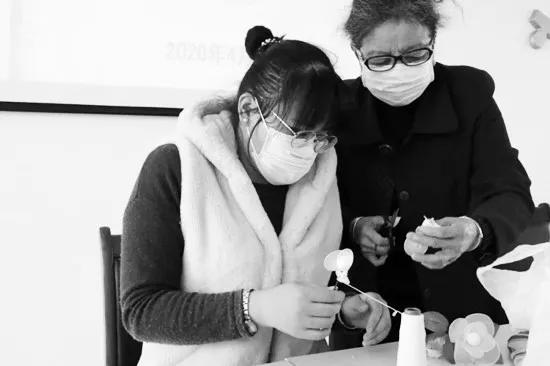 威海市开展清明节祭扫活动,别样清明一样情云上祭祀寄哀思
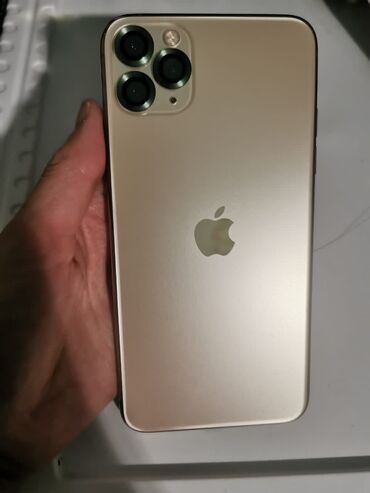 Apple iPhone: IPhone 11 Pro Max, Б/у, 256 ГБ, Золотой, Зарядное устройство, Защитное стекло, Чехол, 80 %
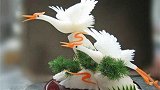 厨师雕刻16年，把蔬菜水果“玩坏”，网友：被厨师耽误的雕刻师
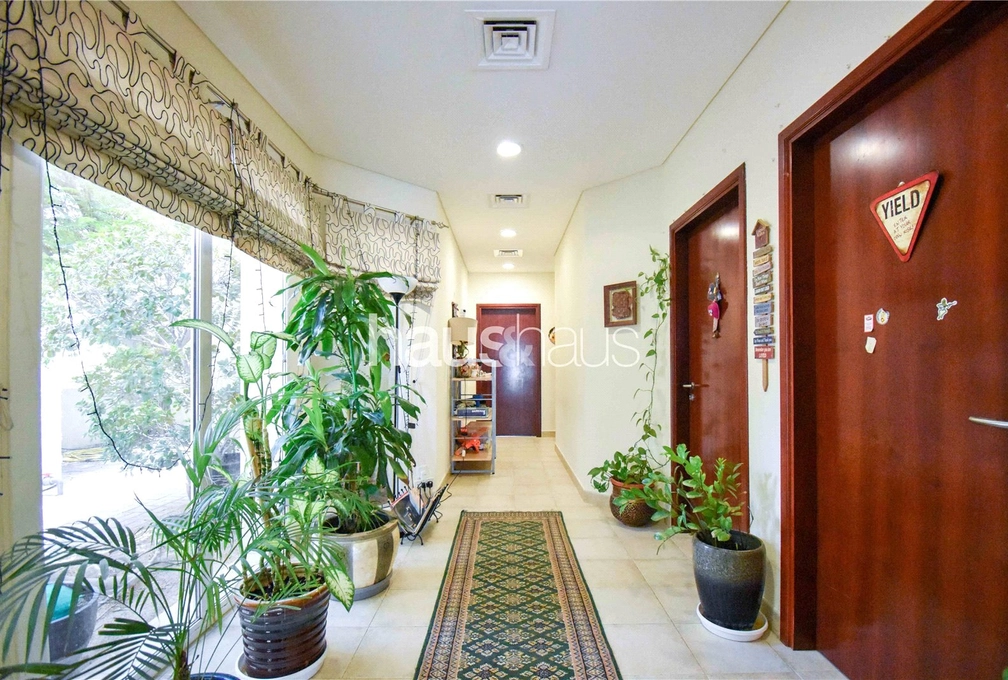 4 bedroom villa for sale - haus & haus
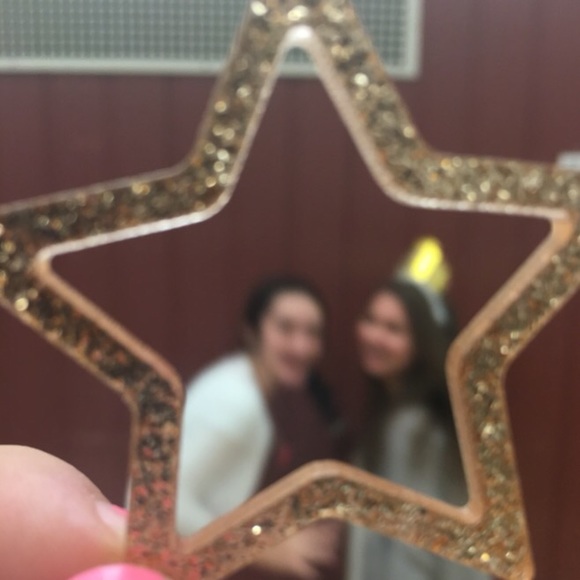 Profile Picture of Avery Solomon (@averysolomon) on Poshmark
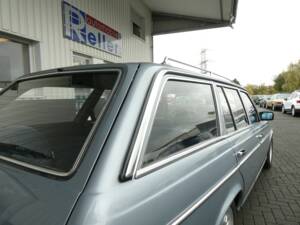 Image 21/21 of Mercedes-Benz 280 TE (1984)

- Your assignment
For the records above, give every line again exactly and skip the pictures.

- Exercise response
 威海市开展清明节祭扫活动,别样清明一样情云上祭祀寄哀思
 Apple iPhone: IPhone 11 Pro Max, Б/у, 256 ГБ, Золотой, Зарядное устройство, Защитное стекло, Чехол, 80 %
 厨师雕刻16年，把蔬菜水果“玩坏”，网友：被厨师耽误的雕刻师
 4 bedroom villa for sale - haus & haus
 Profile Picture of Avery Solomon (@averysolomon) on Poshmark
 Image 21/21 of Mercedes-Benz 280 TE (1984)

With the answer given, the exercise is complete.